Task statement
Transcribe every record that appears below, exactly and in full.

--------------------

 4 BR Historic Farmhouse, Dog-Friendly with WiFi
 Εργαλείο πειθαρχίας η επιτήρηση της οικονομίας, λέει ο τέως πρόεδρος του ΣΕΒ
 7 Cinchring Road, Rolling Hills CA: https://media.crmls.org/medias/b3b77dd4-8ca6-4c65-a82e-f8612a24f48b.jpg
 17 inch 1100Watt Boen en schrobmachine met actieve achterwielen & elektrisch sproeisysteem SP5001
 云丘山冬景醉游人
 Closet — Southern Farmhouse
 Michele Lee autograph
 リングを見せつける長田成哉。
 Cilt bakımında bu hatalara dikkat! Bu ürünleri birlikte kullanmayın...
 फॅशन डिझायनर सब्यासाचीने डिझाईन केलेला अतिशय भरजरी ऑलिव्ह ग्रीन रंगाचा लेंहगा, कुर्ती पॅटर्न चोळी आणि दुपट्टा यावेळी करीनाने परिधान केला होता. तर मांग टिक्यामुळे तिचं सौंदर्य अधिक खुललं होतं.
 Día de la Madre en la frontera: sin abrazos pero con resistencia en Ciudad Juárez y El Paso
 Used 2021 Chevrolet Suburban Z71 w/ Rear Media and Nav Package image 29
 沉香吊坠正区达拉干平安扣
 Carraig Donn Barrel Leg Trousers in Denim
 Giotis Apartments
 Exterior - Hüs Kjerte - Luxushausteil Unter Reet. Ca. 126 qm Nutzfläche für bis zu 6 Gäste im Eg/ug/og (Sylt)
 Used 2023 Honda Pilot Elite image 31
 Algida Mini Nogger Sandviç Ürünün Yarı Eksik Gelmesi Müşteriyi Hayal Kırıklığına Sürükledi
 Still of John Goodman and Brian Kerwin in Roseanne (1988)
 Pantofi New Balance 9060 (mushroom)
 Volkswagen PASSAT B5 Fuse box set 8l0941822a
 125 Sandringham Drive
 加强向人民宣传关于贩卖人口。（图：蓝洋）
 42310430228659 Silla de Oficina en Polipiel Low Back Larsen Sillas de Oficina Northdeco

--------------------

Written answer
 4 BR Historic Farmhouse, Dog-Friendly with WiFi
 Εργαλείο πειθαρχίας η επιτήρηση της οικονομίας, λέει ο τέως πρόεδρος του ΣΕΒ
 7 Cinchring Road, Rolling Hills CA: https://media.crmls.org/medias/b3b77dd4-8ca6-4c65-a82e-f8612a24f48b.jpg
 17 inch 1100Watt Boen en schrobmachine met actieve achterwielen & elektrisch sproeisysteem SP5001
 云丘山冬景醉游人
 Closet — Southern Farmhouse
 Michele Lee autograph
 リングを見せつける長田成哉。
 Cilt bakımında bu hatalara dikkat! Bu ürünleri birlikte kullanmayın...
 फॅशन डिझायनर सब्यासाचीने डिझाईन केलेला अतिशय भरजरी ऑलिव्ह ग्रीन रंगाचा लेंहगा, कुर्ती पॅटर्न चोळी आणि दुपट्टा यावेळी करीनाने परिधान केला होता. तर मांग टिक्यामुळे तिचं सौंदर्य अधिक खुललं होतं.
 Día de la Madre en la frontera: sin abrazos pero con resistencia en Ciudad Juárez y El Paso
 Used 2021 Chevrolet Suburban Z71 w/ Rear Media and Nav Package image 29
 沉香吊坠正区达拉干平安扣
 Carraig Donn Barrel Leg Trousers in Denim
 Giotis Apartments
 Exterior - Hüs Kjerte - Luxushausteil Unter Reet. Ca. 126 qm Nutzfläche für bis zu 6 Gäste im Eg/ug/og (Sylt)
 Used 2023 Honda Pilot Elite image 31
 Algida Mini Nogger Sandviç Ürünün Yarı Eksik Gelmesi Müşteriyi Hayal Kırıklığına Sürükledi
 Still of John Goodman and Brian Kerwin in Roseanne (1988)
 Pantofi New Balance 9060 (mushroom)
 Volkswagen PASSAT B5 Fuse box set 8l0941822a
 125 Sandringham Drive
 加强向人民宣传关于贩卖人口。（图：蓝洋）
 42310430228659 Silla de Oficina en Polipiel Low Back Larsen Sillas de Oficina Northdeco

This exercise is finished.